Data under study Start Marker

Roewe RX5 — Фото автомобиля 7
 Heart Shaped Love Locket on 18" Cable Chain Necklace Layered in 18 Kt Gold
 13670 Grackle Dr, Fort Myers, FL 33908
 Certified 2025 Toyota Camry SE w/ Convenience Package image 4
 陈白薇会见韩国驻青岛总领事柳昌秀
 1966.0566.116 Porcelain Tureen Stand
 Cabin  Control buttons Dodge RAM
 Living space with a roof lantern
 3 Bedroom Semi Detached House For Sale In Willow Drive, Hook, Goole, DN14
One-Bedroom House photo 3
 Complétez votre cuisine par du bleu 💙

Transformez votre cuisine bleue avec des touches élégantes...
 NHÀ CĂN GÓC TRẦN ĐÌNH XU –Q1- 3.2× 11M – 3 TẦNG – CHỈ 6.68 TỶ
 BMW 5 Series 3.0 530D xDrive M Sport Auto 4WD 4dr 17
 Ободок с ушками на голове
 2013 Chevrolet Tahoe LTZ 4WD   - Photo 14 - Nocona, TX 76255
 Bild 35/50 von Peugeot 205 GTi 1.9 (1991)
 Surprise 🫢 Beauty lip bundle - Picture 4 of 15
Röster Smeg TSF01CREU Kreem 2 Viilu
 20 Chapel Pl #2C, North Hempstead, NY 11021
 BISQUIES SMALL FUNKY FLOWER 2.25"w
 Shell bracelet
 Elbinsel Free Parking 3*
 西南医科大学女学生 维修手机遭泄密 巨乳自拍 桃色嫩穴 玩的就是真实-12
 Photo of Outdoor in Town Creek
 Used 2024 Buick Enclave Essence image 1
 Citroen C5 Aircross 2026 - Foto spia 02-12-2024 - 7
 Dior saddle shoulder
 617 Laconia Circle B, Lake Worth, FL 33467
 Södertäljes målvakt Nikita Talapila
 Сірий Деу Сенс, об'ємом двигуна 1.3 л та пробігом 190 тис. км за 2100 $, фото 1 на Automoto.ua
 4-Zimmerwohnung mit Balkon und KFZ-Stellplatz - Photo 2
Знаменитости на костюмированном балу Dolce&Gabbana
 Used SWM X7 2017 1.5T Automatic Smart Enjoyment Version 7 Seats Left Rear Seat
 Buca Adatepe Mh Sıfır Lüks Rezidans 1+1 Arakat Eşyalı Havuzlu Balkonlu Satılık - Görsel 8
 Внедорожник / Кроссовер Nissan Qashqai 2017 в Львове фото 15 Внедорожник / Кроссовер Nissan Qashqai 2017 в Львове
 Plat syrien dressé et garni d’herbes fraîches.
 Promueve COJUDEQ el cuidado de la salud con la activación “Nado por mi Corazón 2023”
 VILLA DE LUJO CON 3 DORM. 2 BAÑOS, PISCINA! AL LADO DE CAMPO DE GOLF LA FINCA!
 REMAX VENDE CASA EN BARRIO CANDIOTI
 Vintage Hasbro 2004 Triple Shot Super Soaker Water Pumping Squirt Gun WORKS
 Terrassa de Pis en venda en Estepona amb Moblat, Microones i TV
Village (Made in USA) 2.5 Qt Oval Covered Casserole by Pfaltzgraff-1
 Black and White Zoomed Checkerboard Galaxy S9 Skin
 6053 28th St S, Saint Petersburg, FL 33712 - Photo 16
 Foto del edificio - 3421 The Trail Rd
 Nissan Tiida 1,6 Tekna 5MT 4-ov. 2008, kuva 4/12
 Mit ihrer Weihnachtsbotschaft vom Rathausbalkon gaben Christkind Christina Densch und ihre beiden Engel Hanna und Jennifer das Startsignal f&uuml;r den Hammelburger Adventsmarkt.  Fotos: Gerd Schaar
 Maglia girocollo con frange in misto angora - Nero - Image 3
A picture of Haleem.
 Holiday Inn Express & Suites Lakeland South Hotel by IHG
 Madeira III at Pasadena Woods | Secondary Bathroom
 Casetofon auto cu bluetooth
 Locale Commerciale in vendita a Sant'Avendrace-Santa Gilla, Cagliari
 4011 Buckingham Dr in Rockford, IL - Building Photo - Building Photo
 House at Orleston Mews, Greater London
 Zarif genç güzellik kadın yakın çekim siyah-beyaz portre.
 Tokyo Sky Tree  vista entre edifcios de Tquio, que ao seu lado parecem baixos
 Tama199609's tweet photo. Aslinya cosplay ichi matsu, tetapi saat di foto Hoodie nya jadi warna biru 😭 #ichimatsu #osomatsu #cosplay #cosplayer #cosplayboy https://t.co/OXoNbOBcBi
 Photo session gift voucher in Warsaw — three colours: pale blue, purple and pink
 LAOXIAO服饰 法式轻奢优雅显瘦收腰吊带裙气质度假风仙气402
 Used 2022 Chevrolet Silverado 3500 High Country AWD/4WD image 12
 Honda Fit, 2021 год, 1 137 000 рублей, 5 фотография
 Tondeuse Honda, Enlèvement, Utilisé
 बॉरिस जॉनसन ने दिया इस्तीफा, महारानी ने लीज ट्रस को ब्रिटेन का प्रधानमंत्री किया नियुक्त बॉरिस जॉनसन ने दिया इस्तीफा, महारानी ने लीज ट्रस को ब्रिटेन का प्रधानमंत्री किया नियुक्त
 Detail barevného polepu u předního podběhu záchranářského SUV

Data under study End Marker

> **Exercise prompt**
Here the output must be the lines above from the line with "BISQUIES SMALL FUNKY" to the line with "Zarif genç güzellik", both included, duplicated word for word and nothing else.

> **Written reply**
 BISQUIES SMALL FUNKY FLOWER 2.25"w
 Shell bracelet
 Elbinsel Free Parking 3*
 西南医科大学女学生 维修手机遭泄密 巨乳自拍 桃色嫩穴 玩的就是真实-12
 Photo of Outdoor in Town Creek
 Used 2024 Buick Enclave Essence image 1
 Citroen C5 Aircross 2026 - Foto spia 02-12-2024 - 7
 Dior saddle shoulder
 617 Laconia Circle B, Lake Worth, FL 33467
 Södertäljes målvakt Nikita Talapila
 Сірий Деу Сенс, об'ємом двигуна 1.3 л та пробігом 190 тис. км за 2100 $, фото 1 на Automoto.ua
 4-Zimmerwohnung mit Balkon und KFZ-Stellplatz - Photo 2
Знаменитости на костюмированном балу Dolce&Gabbana
 Used SWM X7 2017 1.5T Automatic Smart Enjoyment Version 7 Seats Left Rear Seat
 Buca Adatepe Mh Sıfır Lüks Rezidans 1+1 Arakat Eşyalı Havuzlu Balkonlu Satılık - Görsel 8
 Внедорожник / Кроссовер Nissan Qashqai 2017 в Львове фото 15 Внедорожник / Кроссовер Nissan Qashqai 2017 в Львове
 Plat syrien dressé et garni d’herbes fraîches.
 Promueve COJUDEQ el cuidado de la salud con la activación “Nado por mi Corazón 2023”
 VILLA DE LUJO CON 3 DORM. 2 BAÑOS, PISCINA! AL LADO DE CAMPO DE GOLF LA FINCA!
 REMAX VENDE CASA EN BARRIO CANDIOTI
 Vintage Hasbro 2004 Triple Shot Super Soaker Water Pumping Squirt Gun WORKS
 Terrassa de Pis en venda en Estepona amb Moblat, Microones i TV
Village (Made in USA) 2.5 Qt Oval Covered Casserole by Pfaltzgraff-1
 Black and White Zoomed Checkerboard Galaxy S9 Skin
 6053 28th St S, Saint Petersburg, FL 33712 - Photo 16
 Foto del edificio - 3421 The Trail Rd
 Nissan Tiida 1,6 Tekna 5MT 4-ov. 2008, kuva 4/12
 Mit ihrer Weihnachtsbotschaft vom Rathausbalkon gaben Christkind Christina Densch und ihre beiden Engel Hanna und Jennifer das Startsignal f&uuml;r den Hammelburger Adventsmarkt.  Fotos: Gerd Schaar
 Maglia girocollo con frange in misto angora - Nero - Image 3
A picture of Haleem.
 Holiday Inn Express & Suites Lakeland South Hotel by IHG
 Madeira III at Pasadena Woods | Secondary Bathroom
 Casetofon auto cu bluetooth
 Locale Commerciale in vendita a Sant'Avendrace-Santa Gilla, Cagliari
 4011 Buckingham Dr in Rockford, IL - Building Photo - Building Photo
 House at Orleston Mews, Greater London
 Zarif genç güzellik kadın yakın çekim siyah-beyaz portre.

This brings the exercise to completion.